Rasol is an ancient village with a known history dating back 300 years. It was part of the Hindol State, which was one of the princely states of India during the period of the British Raj. Rasol was led by the Samanta Raja, who was appointed by the King of Hindol.

Demography 
The area falls under Rasol Panchayat of Hindol block. The population in 2019/2020 was between 7,370 and 9,118, and the total number of households was 1910.

Roads well connect Rasol with frequent bus services to Bhubaneswar, Cuttack, Dhenkanal, Anugul, Rourkela, and other district and state parts. The old Cuttack-Sambalpur road which is National Highway 655 (India) passes through Rasol.

Rasol has a sub-post office, police station, and primary dispensary. People from nearby villages are dependent on Rasol for services such as banking, health care, and marketing.

It is proposed to be a NAC (Nagar panchayat).

Places of interest

Sapua Dam is 5 km away from Rasol. Tourists throughout the state travel to enjoy its scenery and views all year round.

The best time to visit is between September and March.
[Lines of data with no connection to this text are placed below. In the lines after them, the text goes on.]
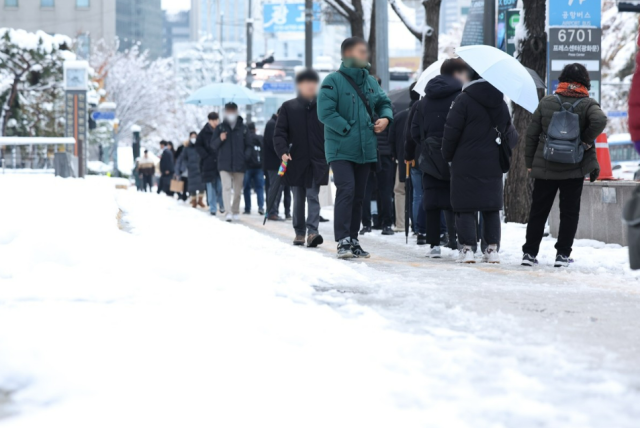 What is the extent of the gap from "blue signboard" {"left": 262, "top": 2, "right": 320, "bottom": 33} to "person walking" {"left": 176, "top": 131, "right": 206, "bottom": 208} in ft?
141

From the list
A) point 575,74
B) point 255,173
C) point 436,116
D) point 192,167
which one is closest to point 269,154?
point 255,173

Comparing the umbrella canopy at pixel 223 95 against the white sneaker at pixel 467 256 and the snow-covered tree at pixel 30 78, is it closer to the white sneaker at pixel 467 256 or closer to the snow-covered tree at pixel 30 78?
the white sneaker at pixel 467 256

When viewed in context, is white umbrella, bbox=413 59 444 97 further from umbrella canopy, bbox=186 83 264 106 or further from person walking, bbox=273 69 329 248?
umbrella canopy, bbox=186 83 264 106

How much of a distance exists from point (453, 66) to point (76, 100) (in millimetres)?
29912

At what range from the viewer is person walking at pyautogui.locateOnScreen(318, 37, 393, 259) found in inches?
359

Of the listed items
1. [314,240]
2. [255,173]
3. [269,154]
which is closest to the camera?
[314,240]

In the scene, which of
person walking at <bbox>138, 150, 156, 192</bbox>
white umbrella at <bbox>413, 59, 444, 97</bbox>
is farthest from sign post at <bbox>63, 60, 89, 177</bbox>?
white umbrella at <bbox>413, 59, 444, 97</bbox>

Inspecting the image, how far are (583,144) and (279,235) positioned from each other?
17.6 feet

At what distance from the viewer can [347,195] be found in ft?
30.4

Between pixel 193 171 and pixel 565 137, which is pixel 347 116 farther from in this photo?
pixel 193 171

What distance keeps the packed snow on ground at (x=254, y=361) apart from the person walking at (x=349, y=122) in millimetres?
2438

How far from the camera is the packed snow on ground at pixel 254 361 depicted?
3275mm

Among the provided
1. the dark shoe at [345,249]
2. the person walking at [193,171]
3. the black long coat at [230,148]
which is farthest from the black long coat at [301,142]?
the person walking at [193,171]

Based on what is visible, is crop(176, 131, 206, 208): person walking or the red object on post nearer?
the red object on post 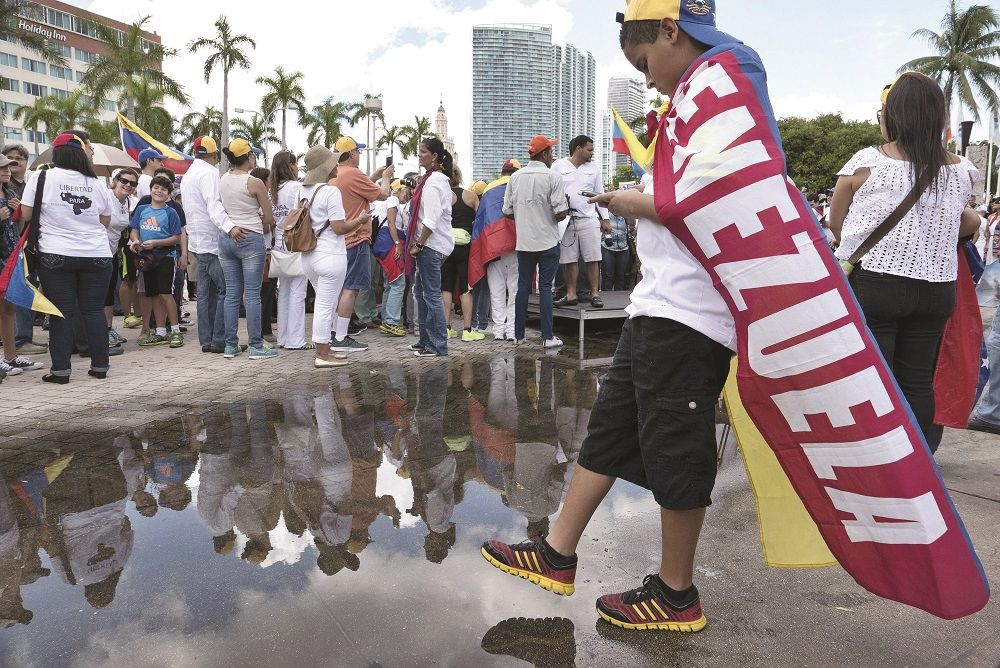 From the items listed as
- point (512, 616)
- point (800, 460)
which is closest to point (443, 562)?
point (512, 616)

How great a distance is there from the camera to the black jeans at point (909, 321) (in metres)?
3.29

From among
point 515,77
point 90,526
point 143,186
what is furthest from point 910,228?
point 515,77

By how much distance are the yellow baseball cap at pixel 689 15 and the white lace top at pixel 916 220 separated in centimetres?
145

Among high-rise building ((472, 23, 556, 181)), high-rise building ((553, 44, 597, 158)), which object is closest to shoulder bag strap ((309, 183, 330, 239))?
high-rise building ((553, 44, 597, 158))

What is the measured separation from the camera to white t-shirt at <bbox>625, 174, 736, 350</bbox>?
226 cm

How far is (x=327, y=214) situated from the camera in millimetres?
7066

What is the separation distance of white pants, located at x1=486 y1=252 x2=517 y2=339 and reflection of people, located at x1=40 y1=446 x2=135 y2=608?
5.24m

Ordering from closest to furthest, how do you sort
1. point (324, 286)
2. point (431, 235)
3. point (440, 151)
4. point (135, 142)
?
1. point (324, 286)
2. point (431, 235)
3. point (440, 151)
4. point (135, 142)

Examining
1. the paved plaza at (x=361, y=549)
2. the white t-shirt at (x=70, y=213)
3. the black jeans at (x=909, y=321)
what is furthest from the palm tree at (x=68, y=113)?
the black jeans at (x=909, y=321)

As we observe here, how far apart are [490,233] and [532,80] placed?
13352 centimetres

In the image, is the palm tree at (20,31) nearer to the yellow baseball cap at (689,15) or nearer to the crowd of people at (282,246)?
the crowd of people at (282,246)

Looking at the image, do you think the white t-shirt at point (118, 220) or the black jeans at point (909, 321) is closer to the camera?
the black jeans at point (909, 321)

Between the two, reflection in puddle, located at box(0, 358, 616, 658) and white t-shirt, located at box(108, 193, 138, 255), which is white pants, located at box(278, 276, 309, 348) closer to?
white t-shirt, located at box(108, 193, 138, 255)

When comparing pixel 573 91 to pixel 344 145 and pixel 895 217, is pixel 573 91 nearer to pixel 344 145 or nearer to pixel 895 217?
pixel 344 145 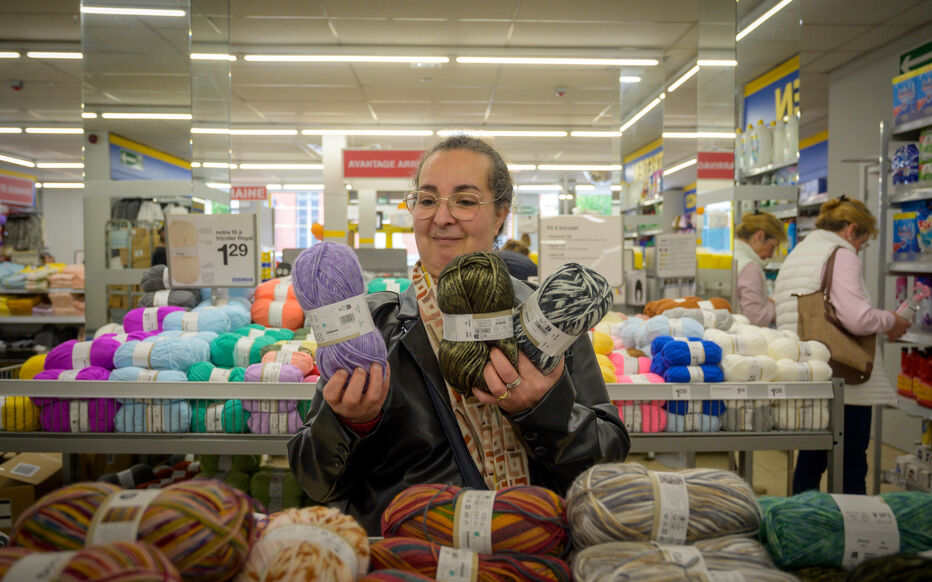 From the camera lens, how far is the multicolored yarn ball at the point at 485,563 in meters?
0.70

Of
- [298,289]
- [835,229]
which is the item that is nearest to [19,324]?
[298,289]

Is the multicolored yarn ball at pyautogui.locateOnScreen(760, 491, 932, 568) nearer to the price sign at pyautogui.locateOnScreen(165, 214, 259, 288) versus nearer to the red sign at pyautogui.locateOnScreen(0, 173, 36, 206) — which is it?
the price sign at pyautogui.locateOnScreen(165, 214, 259, 288)

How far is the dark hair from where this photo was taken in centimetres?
122

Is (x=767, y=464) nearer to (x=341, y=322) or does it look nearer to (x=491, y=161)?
(x=491, y=161)

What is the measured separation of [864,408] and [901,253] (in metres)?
1.47

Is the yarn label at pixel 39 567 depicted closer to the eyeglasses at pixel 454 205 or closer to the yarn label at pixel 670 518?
the yarn label at pixel 670 518

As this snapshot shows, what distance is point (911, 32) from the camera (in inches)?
233

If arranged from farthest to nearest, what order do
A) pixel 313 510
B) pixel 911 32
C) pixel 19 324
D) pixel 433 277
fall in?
pixel 19 324, pixel 911 32, pixel 433 277, pixel 313 510

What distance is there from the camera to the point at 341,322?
945 millimetres

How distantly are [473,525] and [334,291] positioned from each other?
0.45 metres

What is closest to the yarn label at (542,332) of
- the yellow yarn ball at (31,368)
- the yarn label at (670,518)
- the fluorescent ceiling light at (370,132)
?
the yarn label at (670,518)

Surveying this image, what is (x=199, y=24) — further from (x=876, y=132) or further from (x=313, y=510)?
(x=876, y=132)

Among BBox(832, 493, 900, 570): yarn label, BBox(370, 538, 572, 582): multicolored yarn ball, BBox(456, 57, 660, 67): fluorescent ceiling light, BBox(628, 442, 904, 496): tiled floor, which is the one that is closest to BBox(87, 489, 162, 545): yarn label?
BBox(370, 538, 572, 582): multicolored yarn ball

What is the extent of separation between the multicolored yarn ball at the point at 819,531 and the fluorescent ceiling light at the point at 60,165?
16604mm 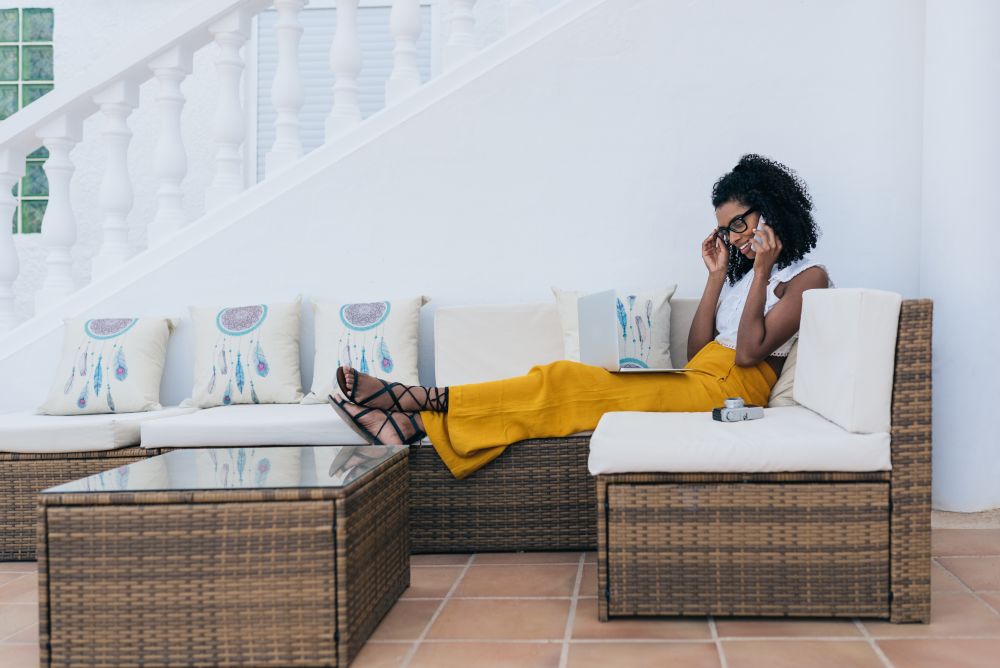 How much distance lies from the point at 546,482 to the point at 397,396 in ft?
1.75

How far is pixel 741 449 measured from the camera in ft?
6.89

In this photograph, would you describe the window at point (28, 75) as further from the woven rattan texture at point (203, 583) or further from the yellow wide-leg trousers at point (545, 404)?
the woven rattan texture at point (203, 583)

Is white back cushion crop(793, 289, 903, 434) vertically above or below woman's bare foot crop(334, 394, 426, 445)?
above

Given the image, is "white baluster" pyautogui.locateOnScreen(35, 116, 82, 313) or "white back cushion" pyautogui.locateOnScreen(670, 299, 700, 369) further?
"white baluster" pyautogui.locateOnScreen(35, 116, 82, 313)

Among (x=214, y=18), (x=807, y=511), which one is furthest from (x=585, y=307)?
(x=214, y=18)

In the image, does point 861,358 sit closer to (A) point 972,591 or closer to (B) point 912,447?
(B) point 912,447

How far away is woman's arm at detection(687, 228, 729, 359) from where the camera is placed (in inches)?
127

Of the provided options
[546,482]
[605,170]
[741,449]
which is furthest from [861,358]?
[605,170]

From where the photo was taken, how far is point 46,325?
3.92 m

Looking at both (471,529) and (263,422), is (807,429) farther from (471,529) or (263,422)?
(263,422)

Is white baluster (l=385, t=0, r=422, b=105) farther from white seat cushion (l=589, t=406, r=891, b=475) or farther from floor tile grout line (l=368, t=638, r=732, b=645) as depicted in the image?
floor tile grout line (l=368, t=638, r=732, b=645)

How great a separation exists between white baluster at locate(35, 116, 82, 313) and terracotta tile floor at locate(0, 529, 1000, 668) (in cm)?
170

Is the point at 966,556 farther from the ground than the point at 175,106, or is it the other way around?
the point at 175,106

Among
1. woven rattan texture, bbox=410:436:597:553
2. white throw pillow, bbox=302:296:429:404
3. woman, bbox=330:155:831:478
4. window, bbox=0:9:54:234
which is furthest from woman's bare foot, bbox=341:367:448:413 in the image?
window, bbox=0:9:54:234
The famous Ugreswar Mahadev Temple, Chitalpur is also just 4 km away.

Schools 

 Rasol High School
 Saraswati Shishu Mandir
 St. Xavier High School
 Rasol M. E school
Kalingapal Govt. High School

Festivals 

There are multiple festivals observed in Rasol and the surrounding villages. The largest celebrations are during Dolajatra/Holi, Laxmi Puja, Jhamu Jatra, Janmashtami, and Ratha jatra.

Laxmi Puja and Jhamujatra are of particular importance, and hence have large celebrations every year.